### THE DATA:
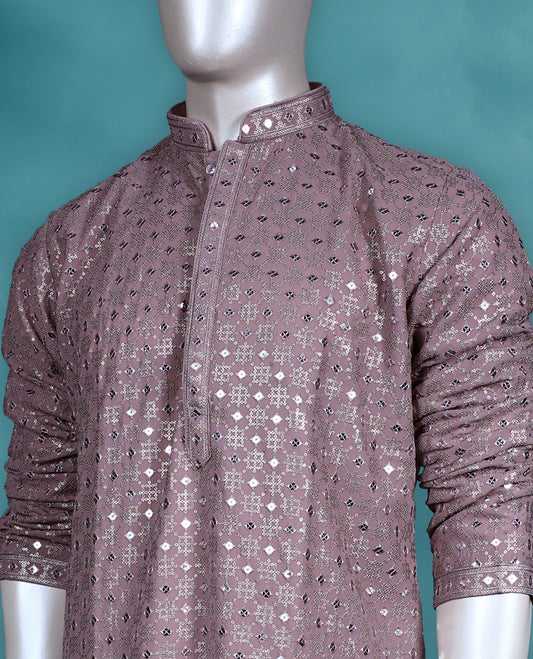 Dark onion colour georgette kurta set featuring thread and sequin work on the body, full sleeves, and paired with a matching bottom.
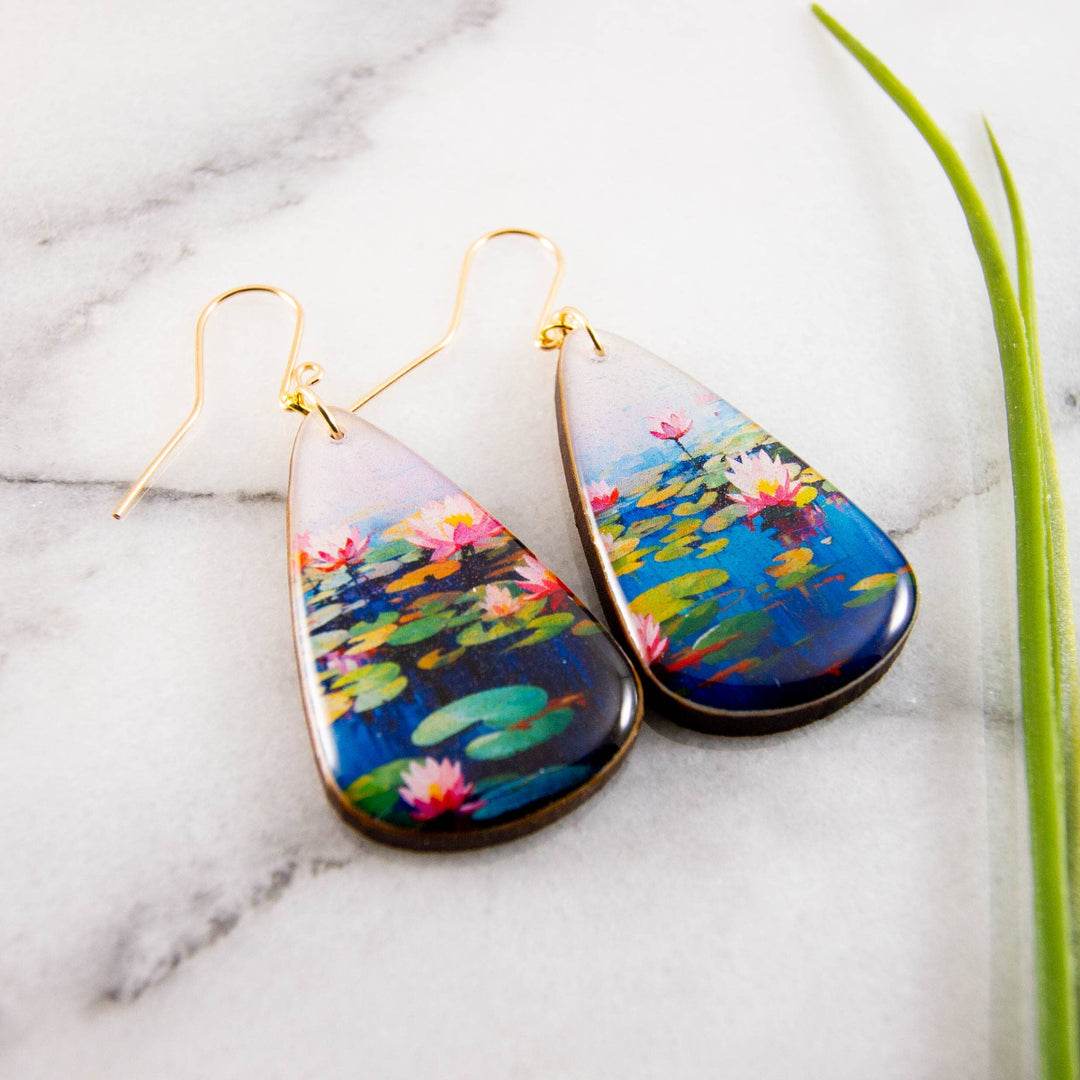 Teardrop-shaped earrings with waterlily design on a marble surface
--
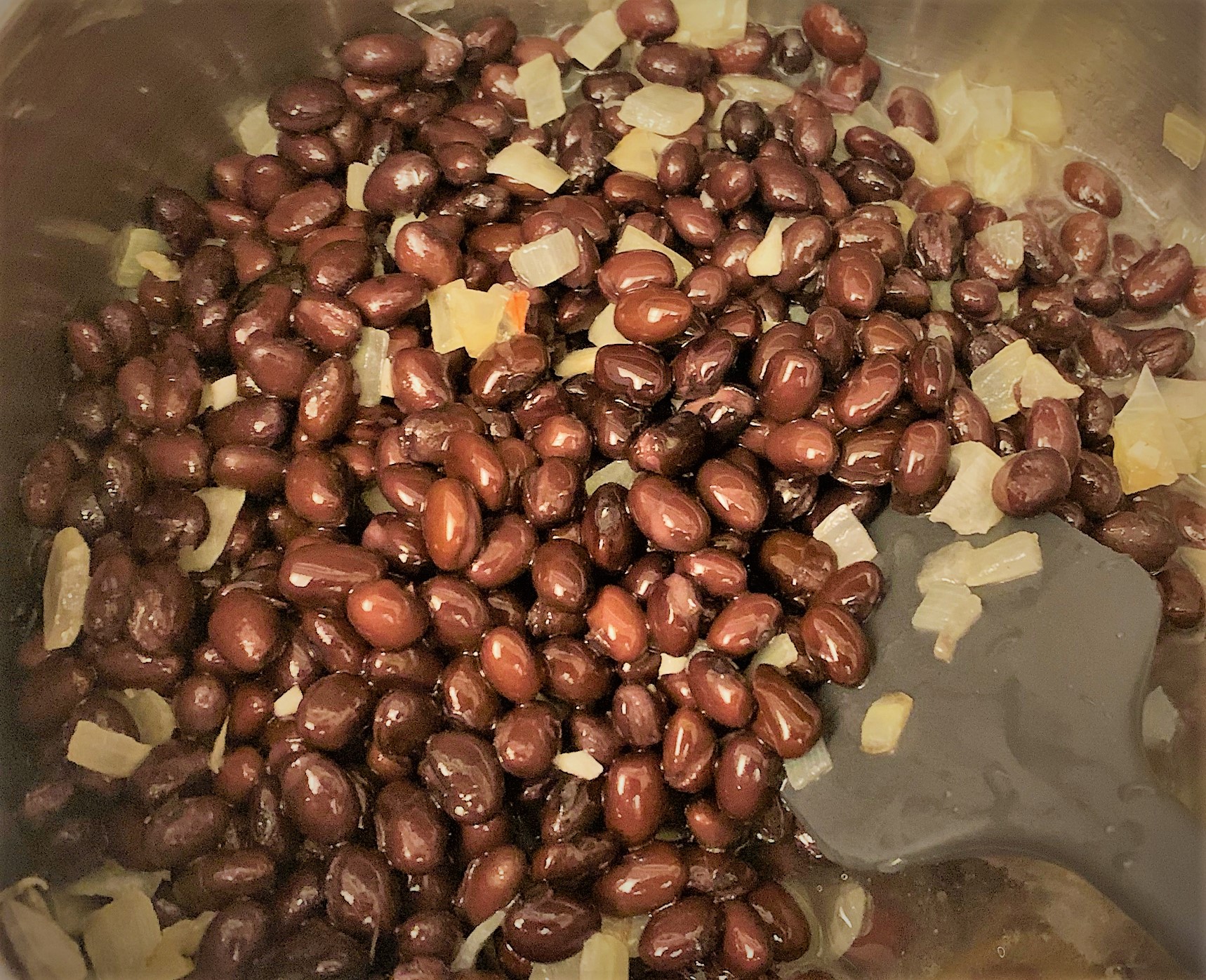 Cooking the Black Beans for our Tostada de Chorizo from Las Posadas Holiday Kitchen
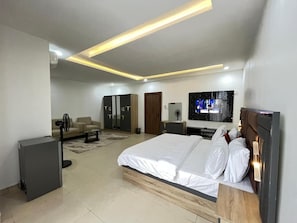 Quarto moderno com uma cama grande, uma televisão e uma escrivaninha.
---
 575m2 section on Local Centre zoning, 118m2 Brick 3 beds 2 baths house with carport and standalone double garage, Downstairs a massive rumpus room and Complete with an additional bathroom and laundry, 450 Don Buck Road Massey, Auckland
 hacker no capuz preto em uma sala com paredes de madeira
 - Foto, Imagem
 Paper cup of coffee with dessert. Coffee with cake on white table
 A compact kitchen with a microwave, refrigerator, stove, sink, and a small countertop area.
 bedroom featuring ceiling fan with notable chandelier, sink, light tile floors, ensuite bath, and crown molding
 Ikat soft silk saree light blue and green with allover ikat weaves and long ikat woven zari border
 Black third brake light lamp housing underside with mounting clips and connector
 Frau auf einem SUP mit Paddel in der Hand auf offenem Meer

### YOUR INSTRUCTIONS:
Only the lines of the listing above from the one with "Dark onion colour" through the one with "Teardrop-shaped earrings with" should be output, exactly, with both ends kept and pictures left out.

### PROBLEM SOLUTION:
 Dark onion colour georgette kurta set featuring thread and sequin work on the body, full sleeves, and paired with a matching bottom.
 Teardrop-shaped earrings with waterlily design on a marble surface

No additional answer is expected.